_Exercise details_.
With the pictures removed, the data below must be transcribed in full and exactly.
___ Data supplied
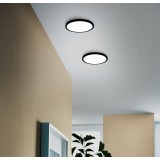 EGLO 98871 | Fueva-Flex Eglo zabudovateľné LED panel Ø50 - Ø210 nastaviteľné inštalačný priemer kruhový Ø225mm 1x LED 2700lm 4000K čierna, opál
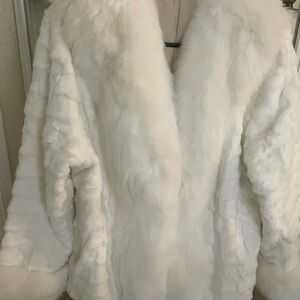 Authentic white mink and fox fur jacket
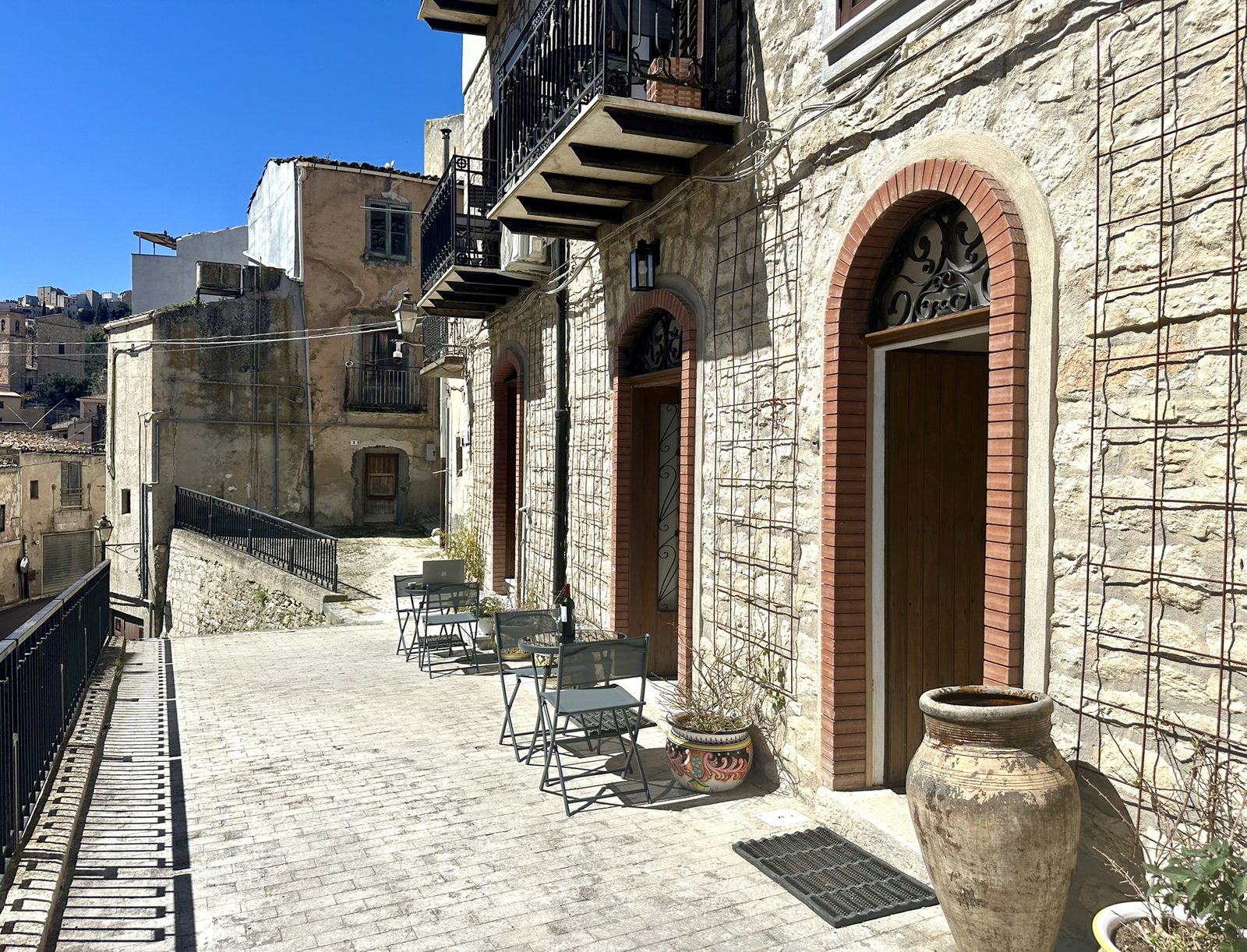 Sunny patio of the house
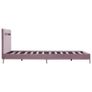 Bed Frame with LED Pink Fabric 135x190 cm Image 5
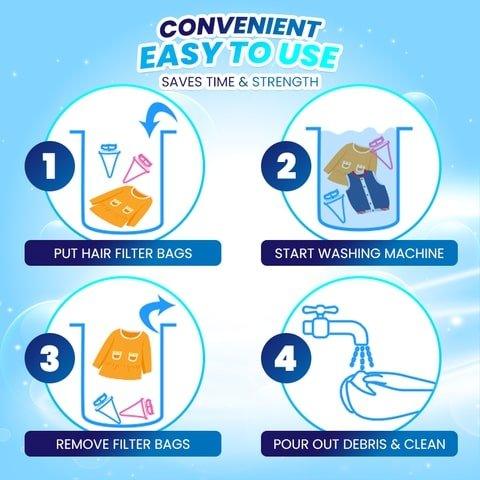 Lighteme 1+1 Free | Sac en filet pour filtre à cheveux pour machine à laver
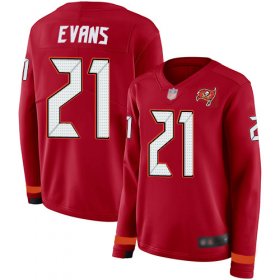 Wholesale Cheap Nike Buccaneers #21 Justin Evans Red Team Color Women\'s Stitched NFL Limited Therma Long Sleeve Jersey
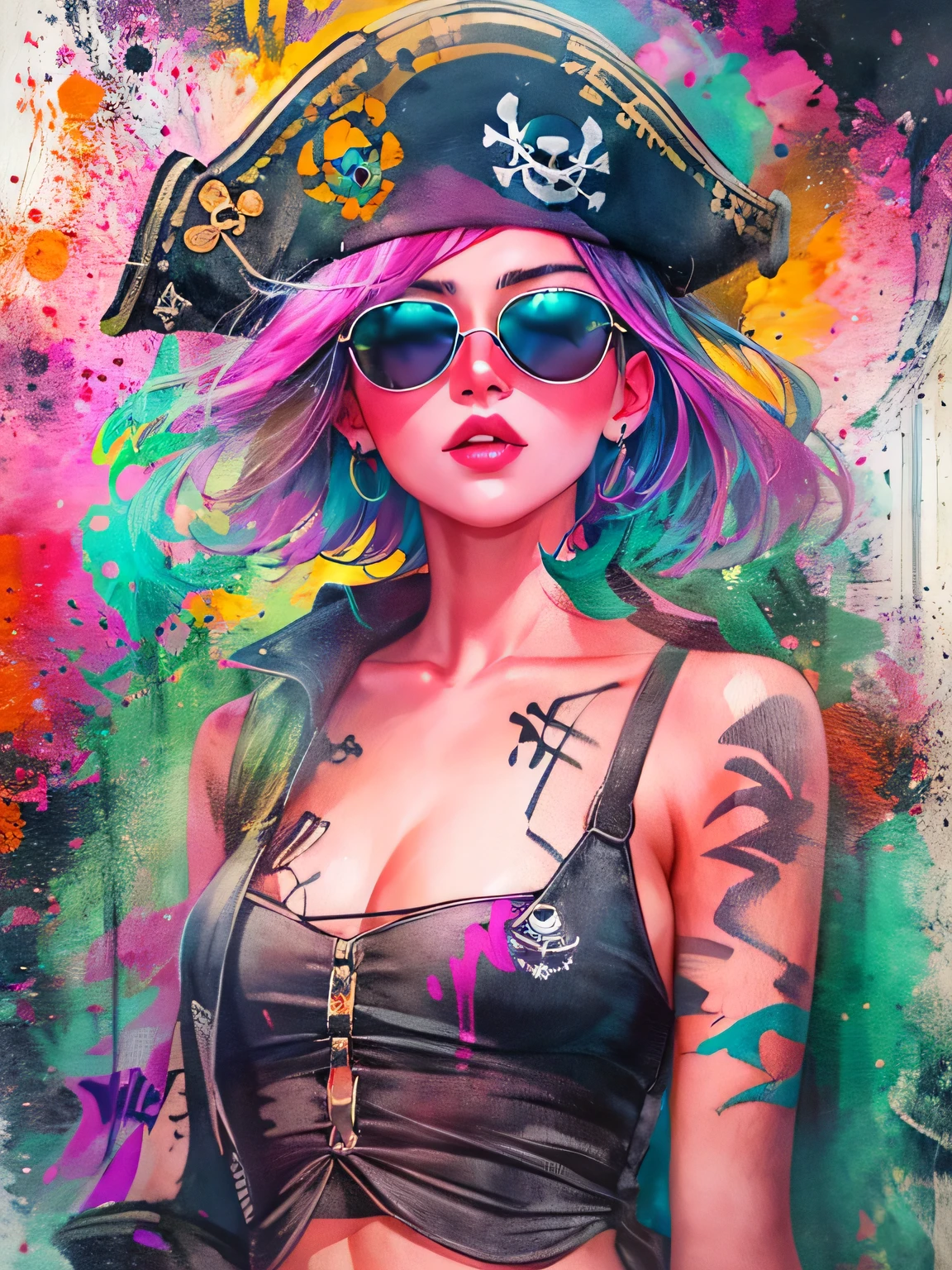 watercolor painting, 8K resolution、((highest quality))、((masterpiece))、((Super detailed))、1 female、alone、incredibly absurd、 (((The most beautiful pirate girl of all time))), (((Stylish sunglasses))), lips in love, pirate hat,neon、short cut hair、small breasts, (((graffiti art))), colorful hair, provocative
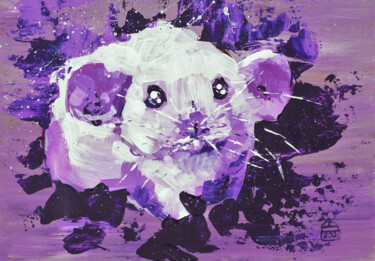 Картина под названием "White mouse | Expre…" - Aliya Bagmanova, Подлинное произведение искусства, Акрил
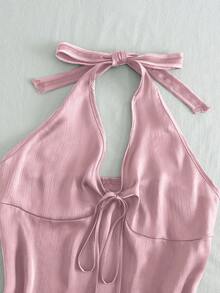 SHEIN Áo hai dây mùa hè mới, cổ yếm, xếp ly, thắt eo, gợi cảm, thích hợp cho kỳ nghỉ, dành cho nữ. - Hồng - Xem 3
______
_Task result_.
 EGLO 98871 | Fueva-Flex Eglo zabudovateľné LED panel Ø50 - Ø210 nastaviteľné inštalačný priemer kruhový Ø225mm 1x LED 2700lm 4000K čierna, opál
 Authentic white mink and fox fur jacket
 Sunny patio of the house
 Bed Frame with LED Pink Fabric 135x190 cm Image 5
 Lighteme 1+1 Free | Sac en filet pour filtre à cheveux pour machine à laver
 Wholesale Cheap Nike Buccaneers #21 Justin Evans Red Team Color Women\'s Stitched NFL Limited Therma Long Sleeve Jersey
 watercolor painting, 8K resolution、((highest quality))、((masterpiece))、((Super detailed))、1 female、alone、incredibly absurd、 (((The most beautiful pirate girl of all time))), (((Stylish sunglasses))), lips in love, pirate hat,neon、short cut hair、small breasts, (((graffiti art))), colorful hair, provocative
 Картина под названием "White mouse | Expre…" - Aliya Bagmanova, Подлинное произведение искусства, Акрил
 SHEIN Áo hai dây mùa hè mới, cổ yếm, xếp ly, thắt eo, gợi cảm, thích hợp cho kỳ nghỉ, dành cho nữ. - Hồng - Xem 3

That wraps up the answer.